桓蹊笑了笑,道:“记得。那时我还诧异来着,一个名不经转的小姑娘,怎么大师会这般看重。现在想来,果然我是凡人,比不得大师慧眼如炬。早在当日就看出你非池中之物。”
殷如行又干笑了一下:“哪里。当时认识了桓兄和白兄是乃幸事。我走投无路之时,便是遇着了白兄才来到鄢都。”
“原来是陌尘啊——”桓蹊若有所思的对着她深深一笑,吆喝住马匹,指了指前方一扇钉满了红铜色巨大铜钉的朱红色大门:“我们到了。”
投过拜帖,中门很快大开。一群陌生的男男女女从里面纷涌而出,最前方的是一个相貌堂堂的中年男人,他对着桓蹊拱手施礼:“桓公子。”
“林公。”桓蹊拱手还礼,态度很是亲热:“桓某有幸,送令族女回归,终能卸担尔。”
男子笑着将视线转向殷如行:“这便是二娘吧。我听咏恩提起过。到家了就好。”
殷如行少不得给这位林家的长辈行了晚辈礼。随后一行人被迎进大门。
在走向正堂的路上,桓蹊悄声在她耳边轻语:“这是林家现任家主,林致远。”
殷如行顿时想起这个名字听林咏恩说过,是她的堂叔。她只需跟着叫‘叔’就行。
到得正堂,林致远给二人介绍林家的一众子侄小辈,桓蹊和殷如行均是第一次见到,七七八八只记了个大概人名。

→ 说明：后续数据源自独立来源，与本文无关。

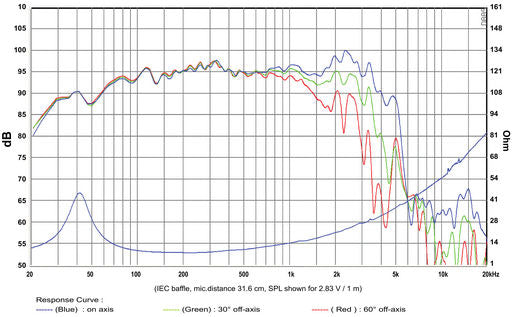 SB Audience - 12" Bianco Open Baffle Woofer - BIANCO-12OB150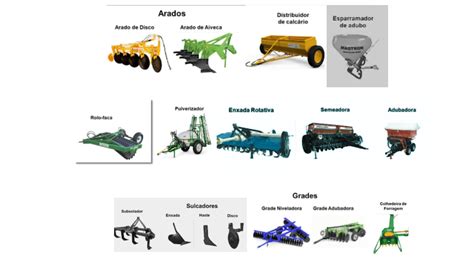 Catalogo De Implementos Agricolas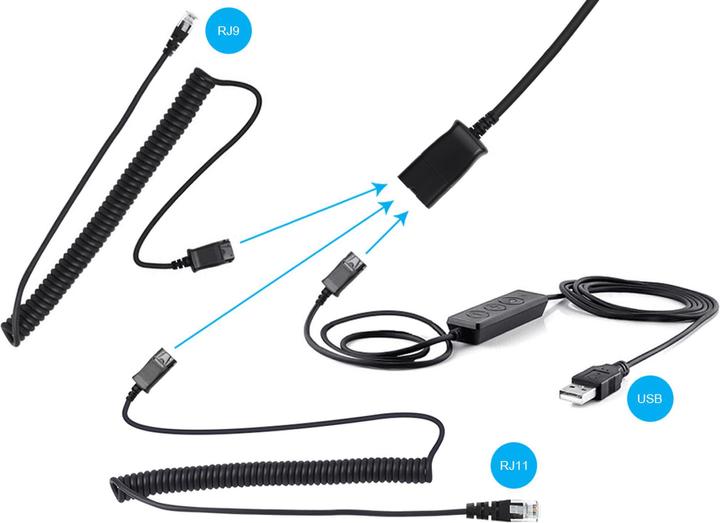 Image du produit Sandberg Casque stéréo Pro USB, RJ9, RJ11 (Filaire, USB-A)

林致远笑道:“今日天色不早,我就不唠叨你们了。先住下歇息,明日再细聊吧。”
桓蹊也跟着笑:“林公还是那么体谅人。如此我就托大了。”
林致远便亲自送桓蹊去休息。人群中一个十五六岁的少女上前来和殷如行招呼:“姐姐好,我三房的咏怀。姐姐请跟我来吧。”
林咏怀带着她来到后园一座精细的雅舍,指挥着丫鬟铺床熏香,将房间整理妥当:“姐姐暂且将就一晚,明早咱们再叙话。”
殷如行求之不得,连声道谢,送了她出门。径自洗漱了倒头入睡,这几天急着赶路,身体虽还好,精神上却很是疲倦。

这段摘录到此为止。